# [Assigned task]
Would you reproduce, without any alteration, the lines from the opening line of the entries through the line that has "DOKAS Hühnerherzen gefriergetrocknet" in it?

BEGIN Supplied information

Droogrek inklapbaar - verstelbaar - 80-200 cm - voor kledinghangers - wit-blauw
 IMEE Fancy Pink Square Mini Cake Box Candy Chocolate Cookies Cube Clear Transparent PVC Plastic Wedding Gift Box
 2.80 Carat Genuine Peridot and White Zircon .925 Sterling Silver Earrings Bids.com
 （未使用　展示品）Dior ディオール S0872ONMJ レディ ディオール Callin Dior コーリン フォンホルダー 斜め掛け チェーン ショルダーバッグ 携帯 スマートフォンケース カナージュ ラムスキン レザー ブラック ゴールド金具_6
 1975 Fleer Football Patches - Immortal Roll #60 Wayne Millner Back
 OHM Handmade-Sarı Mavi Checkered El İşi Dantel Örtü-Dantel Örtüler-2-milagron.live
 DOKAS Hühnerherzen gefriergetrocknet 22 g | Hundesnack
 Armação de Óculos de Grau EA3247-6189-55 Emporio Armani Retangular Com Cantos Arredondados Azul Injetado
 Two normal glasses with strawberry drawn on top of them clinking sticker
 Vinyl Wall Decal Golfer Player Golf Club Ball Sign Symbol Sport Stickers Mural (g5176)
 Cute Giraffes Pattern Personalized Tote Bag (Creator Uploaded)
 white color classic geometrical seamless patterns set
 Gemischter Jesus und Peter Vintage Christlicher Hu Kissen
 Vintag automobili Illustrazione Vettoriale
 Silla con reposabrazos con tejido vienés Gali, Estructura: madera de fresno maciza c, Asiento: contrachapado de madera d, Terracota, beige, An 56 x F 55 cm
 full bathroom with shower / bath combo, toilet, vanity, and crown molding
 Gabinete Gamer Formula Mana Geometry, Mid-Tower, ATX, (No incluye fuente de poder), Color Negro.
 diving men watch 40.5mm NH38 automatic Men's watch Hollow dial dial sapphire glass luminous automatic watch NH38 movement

END Supplied information

# [Finished task]
Droogrek inklapbaar - verstelbaar - 80-200 cm - voor kledinghangers - wit-blauw
 IMEE Fancy Pink Square Mini Cake Box Candy Chocolate Cookies Cube Clear Transparent PVC Plastic Wedding Gift Box
 2.80 Carat Genuine Peridot and White Zircon .925 Sterling Silver Earrings Bids.com
 （未使用　展示品）Dior ディオール S0872ONMJ レディ ディオール Callin Dior コーリン フォンホルダー 斜め掛け チェーン ショルダーバッグ 携帯 スマートフォンケース カナージュ ラムスキン レザー ブラック ゴールド金具_6
 1975 Fleer Football Patches - Immortal Roll #60 Wayne Millner Back
 OHM Handmade-Sarı Mavi Checkered El İşi Dantel Örtü-Dantel Örtüler-2-milagron.live
 DOKAS Hühnerherzen gefriergetrocknet 22 g | Hundesnack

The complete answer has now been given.